There are some pertinent questions that this entire incident raises. After all, wasn't the actor only enacting a scripted performance the way his producers wanted him to? If at all the law applies to Kiku for his ‘offence', should it not apply equally to the production house and the broadcasters who telecast the event? Aren't they as guilty as the actor, if not more?
Similar incidents in the not-so-distant past point to similar anomalies. Earlier this month, an Andhra court issued a non-bailable arrest warrant against Indian skipper Mahendra Singh Dhoni for allegedly hurting religious sentiments. A morphed photograph of the cricketer was portrayed as Lord Vishnu by on the cover page of Business Today magazine's April 2013 issue. The image shows the cricketer holding several products, including a shoe in one of his hands. “God of big deals” was the caption for the photograph.
And then we see a contrast where a similar incident did not draw the kind of prompt action that Indian authorities showed in arresting Kiku. All it elicited was a few raised eyebrows. Just this week, Amazon chief Jeff Bezos was shown as Lord Vishnu on the cover page of the latest issue of international business magazine Fortune. Bezos was portrayed as the Hindu deity, complete with a lotus in one hand and the Amazon logo on the palm of the other. The caption read: “Amazon invades India”.
We are yet to hear of any case being registered against Bezos or the publication in this regard, though it did draw the ire of many for the creative output.
So, are laws being used to satisfy the whims of a selective few who do not happen to have a taste for humour? True, freedom of expression cannot be absolute – you can't go about town slandering any individual. But then, would the law have applied so promptly if a common man would have faced ridicule? Probably not!
Gurmeet Ram Rahim's supporters felt ‘offended' by a dance skit that the actor performed for a media network's event. But then, aren't film personalities and politicians mimicked too? The self-styled godman has also staked his claim in the film world with his larger than life movies. What then explains such selective rage?

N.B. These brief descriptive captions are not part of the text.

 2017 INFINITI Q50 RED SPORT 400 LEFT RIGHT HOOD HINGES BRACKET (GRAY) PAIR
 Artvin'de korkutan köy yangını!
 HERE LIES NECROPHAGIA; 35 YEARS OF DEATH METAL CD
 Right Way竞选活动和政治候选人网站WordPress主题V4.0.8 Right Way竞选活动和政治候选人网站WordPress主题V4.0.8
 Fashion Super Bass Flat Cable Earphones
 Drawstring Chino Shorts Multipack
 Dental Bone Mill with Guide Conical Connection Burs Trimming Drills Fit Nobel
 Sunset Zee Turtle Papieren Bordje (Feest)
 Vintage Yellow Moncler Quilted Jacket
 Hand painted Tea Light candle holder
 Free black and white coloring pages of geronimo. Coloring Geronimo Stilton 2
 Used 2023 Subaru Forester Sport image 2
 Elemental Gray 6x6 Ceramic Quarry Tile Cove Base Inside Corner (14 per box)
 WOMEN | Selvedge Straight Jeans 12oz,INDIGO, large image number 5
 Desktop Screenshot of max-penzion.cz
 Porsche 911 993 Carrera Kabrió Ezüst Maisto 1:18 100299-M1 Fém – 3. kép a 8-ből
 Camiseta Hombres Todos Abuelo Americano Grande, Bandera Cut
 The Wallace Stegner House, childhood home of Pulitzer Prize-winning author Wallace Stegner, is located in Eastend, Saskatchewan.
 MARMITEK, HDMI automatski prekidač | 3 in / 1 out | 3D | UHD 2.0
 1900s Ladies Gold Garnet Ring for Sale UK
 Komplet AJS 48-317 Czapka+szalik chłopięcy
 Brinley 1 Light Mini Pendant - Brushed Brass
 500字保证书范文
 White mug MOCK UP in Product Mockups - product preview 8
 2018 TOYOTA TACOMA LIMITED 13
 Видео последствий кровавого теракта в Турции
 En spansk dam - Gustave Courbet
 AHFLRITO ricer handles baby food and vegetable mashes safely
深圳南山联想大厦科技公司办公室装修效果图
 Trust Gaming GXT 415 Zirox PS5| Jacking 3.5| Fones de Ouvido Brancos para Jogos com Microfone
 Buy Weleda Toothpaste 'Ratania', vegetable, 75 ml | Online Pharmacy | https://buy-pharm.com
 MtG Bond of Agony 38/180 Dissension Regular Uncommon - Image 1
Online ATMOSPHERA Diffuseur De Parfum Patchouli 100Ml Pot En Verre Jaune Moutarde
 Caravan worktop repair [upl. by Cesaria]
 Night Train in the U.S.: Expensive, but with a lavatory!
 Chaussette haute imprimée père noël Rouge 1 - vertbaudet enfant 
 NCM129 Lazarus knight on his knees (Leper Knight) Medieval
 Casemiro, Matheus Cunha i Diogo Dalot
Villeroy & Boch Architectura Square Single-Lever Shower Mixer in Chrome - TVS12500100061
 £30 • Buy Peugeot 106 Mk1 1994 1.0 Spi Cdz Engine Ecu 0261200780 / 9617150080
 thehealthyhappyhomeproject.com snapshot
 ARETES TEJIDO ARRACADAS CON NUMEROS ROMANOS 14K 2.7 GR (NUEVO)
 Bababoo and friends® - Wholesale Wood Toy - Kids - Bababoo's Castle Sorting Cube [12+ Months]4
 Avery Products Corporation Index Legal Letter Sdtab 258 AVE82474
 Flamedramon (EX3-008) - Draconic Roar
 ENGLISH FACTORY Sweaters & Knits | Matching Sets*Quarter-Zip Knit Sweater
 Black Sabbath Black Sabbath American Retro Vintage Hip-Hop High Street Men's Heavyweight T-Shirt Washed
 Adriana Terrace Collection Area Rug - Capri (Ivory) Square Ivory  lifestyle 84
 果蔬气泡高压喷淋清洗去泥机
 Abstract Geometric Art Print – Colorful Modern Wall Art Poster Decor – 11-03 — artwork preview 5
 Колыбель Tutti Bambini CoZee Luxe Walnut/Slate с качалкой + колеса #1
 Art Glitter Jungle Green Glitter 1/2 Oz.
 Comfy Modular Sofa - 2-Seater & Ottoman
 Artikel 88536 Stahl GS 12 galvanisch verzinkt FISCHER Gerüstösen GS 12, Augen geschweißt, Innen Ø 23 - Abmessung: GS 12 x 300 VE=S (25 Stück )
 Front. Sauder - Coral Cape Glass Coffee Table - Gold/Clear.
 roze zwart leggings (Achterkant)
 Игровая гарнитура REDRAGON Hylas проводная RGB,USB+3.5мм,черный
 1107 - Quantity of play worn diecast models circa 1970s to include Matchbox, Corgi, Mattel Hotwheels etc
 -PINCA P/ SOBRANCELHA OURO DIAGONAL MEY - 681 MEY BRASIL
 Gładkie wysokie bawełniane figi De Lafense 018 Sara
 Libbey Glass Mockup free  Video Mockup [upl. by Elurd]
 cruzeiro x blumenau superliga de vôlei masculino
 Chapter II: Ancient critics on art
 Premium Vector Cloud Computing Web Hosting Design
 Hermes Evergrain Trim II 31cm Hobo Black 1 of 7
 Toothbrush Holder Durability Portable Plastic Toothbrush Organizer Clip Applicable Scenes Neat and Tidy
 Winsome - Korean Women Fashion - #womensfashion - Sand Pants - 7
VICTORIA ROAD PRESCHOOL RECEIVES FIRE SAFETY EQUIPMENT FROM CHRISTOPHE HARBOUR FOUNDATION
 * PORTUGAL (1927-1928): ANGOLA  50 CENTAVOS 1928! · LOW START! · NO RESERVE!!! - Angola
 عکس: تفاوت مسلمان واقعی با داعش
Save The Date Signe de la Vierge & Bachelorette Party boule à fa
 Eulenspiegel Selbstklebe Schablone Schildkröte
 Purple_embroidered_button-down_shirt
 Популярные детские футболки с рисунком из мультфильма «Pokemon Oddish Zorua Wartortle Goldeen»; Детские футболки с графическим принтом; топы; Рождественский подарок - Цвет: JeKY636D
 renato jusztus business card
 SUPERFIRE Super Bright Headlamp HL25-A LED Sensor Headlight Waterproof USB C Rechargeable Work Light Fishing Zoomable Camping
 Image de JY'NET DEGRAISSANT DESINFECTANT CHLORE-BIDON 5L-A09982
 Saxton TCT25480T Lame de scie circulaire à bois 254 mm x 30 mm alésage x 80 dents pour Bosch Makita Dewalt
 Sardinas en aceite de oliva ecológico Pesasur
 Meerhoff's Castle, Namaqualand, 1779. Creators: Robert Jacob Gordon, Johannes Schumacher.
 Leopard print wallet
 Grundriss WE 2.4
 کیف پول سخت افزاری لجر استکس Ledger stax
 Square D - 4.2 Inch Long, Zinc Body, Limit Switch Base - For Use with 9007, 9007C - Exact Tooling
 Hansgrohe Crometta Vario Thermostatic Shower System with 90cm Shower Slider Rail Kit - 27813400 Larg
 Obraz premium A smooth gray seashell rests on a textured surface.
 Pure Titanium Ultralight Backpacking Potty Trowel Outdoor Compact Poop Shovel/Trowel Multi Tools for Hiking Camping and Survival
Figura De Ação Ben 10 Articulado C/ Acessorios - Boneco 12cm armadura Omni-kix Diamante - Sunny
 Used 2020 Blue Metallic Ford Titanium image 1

Such abrupt bursts of action in the name of law signify another pressing question. Where does one draw the line? More importantly, who decided the limits and on what grounds? The AIB roast hosted in Mumbai last year drew the ire of authorities in Maharashtra for its vulgar content and was banned from online streaming. Fair point, though Indians in today's time and age do not like to be told what they can watch and what they can't. However, even the organisers were pulled up there. The same law does not seem to have happened in Kiku's case.
The moot point is that satire in India has not evolved and there are no clear definitions of what it constitutes. The same applies for freedom of expression. Probably, we need to understand that there is an undefined line that separates comedy from slander. Probably the law needs to get a drift of it too.
Selective targeting of soft targets in the name of law needs to end. Moreover, satire and mimckery is comedy and should be treated as such.